Print nothing except the lines of the listing below from the line with "Runner Photo 2114571" to the line with "baby-float-sea-star-swim-essentials-1", each exactly as written, both ends included.

• [RECORD SET]:
········

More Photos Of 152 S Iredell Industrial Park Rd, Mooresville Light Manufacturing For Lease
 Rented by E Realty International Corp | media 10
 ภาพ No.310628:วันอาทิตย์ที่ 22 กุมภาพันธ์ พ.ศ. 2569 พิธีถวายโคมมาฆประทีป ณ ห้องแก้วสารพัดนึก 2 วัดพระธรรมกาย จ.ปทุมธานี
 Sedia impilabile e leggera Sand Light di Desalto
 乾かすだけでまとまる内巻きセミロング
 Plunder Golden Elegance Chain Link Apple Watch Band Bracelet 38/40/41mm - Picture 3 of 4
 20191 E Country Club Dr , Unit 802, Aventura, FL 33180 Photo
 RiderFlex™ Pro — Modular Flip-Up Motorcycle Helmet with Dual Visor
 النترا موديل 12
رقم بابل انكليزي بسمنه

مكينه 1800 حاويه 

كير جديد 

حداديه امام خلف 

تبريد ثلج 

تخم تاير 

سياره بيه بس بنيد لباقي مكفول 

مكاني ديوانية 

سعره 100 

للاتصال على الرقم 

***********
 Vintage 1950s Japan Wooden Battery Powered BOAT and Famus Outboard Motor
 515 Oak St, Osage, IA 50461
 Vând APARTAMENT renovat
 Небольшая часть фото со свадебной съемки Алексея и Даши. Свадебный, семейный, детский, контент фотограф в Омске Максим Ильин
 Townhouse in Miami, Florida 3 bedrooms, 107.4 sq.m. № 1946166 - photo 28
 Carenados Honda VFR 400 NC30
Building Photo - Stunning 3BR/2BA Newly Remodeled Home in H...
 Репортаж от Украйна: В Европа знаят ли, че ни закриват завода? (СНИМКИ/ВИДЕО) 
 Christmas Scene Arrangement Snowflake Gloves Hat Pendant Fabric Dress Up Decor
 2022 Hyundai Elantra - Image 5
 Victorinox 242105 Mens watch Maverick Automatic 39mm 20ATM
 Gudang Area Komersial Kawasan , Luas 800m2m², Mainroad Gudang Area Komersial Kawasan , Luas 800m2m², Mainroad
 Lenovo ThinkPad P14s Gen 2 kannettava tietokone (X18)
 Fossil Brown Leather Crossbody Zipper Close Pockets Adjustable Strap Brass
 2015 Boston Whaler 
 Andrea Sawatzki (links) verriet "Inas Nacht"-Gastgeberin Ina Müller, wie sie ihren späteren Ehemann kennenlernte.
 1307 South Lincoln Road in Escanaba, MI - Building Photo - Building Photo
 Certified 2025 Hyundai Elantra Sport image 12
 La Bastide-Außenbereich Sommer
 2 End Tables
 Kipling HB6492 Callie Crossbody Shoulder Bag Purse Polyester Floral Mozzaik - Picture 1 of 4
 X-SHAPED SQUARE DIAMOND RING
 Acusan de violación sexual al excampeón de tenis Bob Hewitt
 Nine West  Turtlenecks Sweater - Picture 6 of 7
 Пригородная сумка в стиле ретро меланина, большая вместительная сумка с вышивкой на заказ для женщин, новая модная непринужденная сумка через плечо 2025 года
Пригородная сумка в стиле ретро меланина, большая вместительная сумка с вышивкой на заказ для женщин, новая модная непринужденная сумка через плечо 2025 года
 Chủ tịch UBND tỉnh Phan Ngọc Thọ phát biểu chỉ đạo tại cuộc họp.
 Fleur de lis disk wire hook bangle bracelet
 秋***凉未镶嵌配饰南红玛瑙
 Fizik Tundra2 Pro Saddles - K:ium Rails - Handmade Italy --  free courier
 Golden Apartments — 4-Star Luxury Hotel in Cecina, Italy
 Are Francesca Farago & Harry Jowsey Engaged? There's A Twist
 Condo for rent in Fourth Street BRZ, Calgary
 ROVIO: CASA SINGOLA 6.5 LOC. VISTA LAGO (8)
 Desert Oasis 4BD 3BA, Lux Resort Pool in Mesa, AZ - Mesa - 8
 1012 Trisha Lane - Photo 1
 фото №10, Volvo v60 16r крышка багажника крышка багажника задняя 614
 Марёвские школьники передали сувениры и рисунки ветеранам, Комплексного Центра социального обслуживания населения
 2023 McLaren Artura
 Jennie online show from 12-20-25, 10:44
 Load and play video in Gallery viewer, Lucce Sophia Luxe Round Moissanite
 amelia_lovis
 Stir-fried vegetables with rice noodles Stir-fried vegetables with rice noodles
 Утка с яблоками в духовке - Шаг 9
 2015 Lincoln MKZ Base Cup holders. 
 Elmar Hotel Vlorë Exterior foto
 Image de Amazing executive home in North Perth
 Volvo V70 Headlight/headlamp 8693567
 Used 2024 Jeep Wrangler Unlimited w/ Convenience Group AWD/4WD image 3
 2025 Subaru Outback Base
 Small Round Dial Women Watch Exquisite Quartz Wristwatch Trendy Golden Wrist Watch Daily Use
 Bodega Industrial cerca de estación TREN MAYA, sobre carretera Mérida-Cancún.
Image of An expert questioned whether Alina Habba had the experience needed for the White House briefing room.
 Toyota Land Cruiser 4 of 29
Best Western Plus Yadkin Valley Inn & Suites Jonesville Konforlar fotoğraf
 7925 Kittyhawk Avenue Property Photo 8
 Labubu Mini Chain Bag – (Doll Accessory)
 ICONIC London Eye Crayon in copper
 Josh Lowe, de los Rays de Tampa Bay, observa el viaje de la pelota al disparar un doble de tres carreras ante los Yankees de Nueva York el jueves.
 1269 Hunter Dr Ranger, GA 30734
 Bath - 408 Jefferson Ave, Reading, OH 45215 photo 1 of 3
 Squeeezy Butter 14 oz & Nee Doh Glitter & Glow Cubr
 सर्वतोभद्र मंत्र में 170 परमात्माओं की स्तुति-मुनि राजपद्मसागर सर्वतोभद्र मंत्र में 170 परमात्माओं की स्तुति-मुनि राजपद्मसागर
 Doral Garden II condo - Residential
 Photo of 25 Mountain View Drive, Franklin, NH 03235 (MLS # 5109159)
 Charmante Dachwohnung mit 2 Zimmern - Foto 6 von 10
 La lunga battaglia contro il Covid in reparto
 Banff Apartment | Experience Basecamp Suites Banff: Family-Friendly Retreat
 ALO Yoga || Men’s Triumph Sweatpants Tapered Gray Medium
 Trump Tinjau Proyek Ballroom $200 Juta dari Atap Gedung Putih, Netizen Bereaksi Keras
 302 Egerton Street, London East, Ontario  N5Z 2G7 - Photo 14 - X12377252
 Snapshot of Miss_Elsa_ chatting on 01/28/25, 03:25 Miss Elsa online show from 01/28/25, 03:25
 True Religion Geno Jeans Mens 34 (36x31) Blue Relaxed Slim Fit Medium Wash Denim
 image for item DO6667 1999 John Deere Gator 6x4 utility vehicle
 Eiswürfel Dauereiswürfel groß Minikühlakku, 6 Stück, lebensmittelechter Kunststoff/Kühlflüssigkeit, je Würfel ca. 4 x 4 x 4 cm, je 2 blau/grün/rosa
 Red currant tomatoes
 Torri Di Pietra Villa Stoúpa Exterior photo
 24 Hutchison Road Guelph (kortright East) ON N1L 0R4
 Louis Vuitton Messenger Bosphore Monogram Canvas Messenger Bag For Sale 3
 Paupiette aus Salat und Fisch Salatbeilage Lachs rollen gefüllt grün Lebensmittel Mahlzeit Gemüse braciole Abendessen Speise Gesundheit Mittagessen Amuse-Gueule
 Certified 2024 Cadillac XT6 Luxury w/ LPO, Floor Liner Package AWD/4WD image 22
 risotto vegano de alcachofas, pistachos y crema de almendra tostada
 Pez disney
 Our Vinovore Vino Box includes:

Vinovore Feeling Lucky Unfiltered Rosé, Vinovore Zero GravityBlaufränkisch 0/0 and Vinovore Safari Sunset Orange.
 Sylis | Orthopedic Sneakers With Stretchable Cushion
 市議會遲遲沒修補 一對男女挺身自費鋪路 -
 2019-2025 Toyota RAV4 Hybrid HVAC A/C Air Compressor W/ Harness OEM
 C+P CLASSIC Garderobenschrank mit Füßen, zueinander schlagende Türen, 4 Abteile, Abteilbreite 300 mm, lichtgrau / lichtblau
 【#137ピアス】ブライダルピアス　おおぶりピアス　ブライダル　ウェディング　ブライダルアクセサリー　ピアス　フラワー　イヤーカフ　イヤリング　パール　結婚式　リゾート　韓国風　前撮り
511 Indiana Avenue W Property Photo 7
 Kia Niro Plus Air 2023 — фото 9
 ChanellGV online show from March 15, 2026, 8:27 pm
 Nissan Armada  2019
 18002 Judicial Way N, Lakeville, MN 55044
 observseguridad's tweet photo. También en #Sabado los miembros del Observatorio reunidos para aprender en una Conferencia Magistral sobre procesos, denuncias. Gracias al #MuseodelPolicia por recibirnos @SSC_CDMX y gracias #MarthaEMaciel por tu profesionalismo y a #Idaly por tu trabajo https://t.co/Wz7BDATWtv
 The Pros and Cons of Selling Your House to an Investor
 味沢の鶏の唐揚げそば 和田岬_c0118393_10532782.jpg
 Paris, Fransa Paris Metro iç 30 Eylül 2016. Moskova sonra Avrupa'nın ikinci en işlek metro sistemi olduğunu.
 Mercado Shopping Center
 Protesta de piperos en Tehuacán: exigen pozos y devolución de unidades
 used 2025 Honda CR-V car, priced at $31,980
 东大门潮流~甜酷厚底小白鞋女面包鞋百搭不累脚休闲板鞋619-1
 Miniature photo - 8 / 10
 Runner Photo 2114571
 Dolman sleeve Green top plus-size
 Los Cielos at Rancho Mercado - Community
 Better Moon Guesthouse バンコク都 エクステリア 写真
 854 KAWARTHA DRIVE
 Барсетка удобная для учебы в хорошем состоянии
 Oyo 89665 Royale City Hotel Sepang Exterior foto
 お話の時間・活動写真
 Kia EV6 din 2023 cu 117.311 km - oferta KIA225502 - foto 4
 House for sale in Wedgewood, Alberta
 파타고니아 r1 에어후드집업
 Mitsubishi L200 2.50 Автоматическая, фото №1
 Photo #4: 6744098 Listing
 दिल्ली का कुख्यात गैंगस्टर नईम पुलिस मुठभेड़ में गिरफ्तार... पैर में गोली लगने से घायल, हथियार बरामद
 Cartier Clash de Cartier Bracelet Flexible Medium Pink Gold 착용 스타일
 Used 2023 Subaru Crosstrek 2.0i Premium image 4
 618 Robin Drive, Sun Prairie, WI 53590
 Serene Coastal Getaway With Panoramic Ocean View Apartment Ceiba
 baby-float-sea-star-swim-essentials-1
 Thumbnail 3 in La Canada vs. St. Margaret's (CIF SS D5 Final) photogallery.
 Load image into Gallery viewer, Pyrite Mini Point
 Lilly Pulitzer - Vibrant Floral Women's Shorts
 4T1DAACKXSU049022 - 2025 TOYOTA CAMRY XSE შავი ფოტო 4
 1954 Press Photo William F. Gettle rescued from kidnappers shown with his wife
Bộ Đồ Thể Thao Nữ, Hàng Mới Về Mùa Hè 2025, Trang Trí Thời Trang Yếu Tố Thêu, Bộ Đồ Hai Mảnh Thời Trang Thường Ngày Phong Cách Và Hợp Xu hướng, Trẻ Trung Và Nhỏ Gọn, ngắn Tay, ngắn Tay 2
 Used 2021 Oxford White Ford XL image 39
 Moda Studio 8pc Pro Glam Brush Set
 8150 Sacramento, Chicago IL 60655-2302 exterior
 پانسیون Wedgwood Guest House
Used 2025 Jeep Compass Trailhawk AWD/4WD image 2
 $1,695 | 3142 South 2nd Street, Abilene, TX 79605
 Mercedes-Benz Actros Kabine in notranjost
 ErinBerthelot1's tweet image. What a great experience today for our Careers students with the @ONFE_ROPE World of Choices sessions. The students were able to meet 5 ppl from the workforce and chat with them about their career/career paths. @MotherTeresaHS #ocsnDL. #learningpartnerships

········

• [THE ANSWER]:
 Runner Photo 2114571
 Dolman sleeve Green top plus-size
 Los Cielos at Rancho Mercado - Community
 Better Moon Guesthouse バンコク都 エクステリア 写真
 854 KAWARTHA DRIVE
 Барсетка удобная для учебы в хорошем состоянии
 Oyo 89665 Royale City Hotel Sepang Exterior foto
 お話の時間・活動写真
 Kia EV6 din 2023 cu 117.311 km - oferta KIA225502 - foto 4
 House for sale in Wedgewood, Alberta
 파타고니아 r1 에어후드집업
 Mitsubishi L200 2.50 Автоматическая, фото №1
 Photo #4: 6744098 Listing
 दिल्ली का कुख्यात गैंगस्टर नईम पुलिस मुठभेड़ में गिरफ्तार... पैर में गोली लगने से घायल, हथियार बरामद
 Cartier Clash de Cartier Bracelet Flexible Medium Pink Gold 착용 스타일
 Used 2023 Subaru Crosstrek 2.0i Premium image 4
 618 Robin Drive, Sun Prairie, WI 53590
 Serene Coastal Getaway With Panoramic Ocean View Apartment Ceiba
 baby-float-sea-star-swim-essentials-1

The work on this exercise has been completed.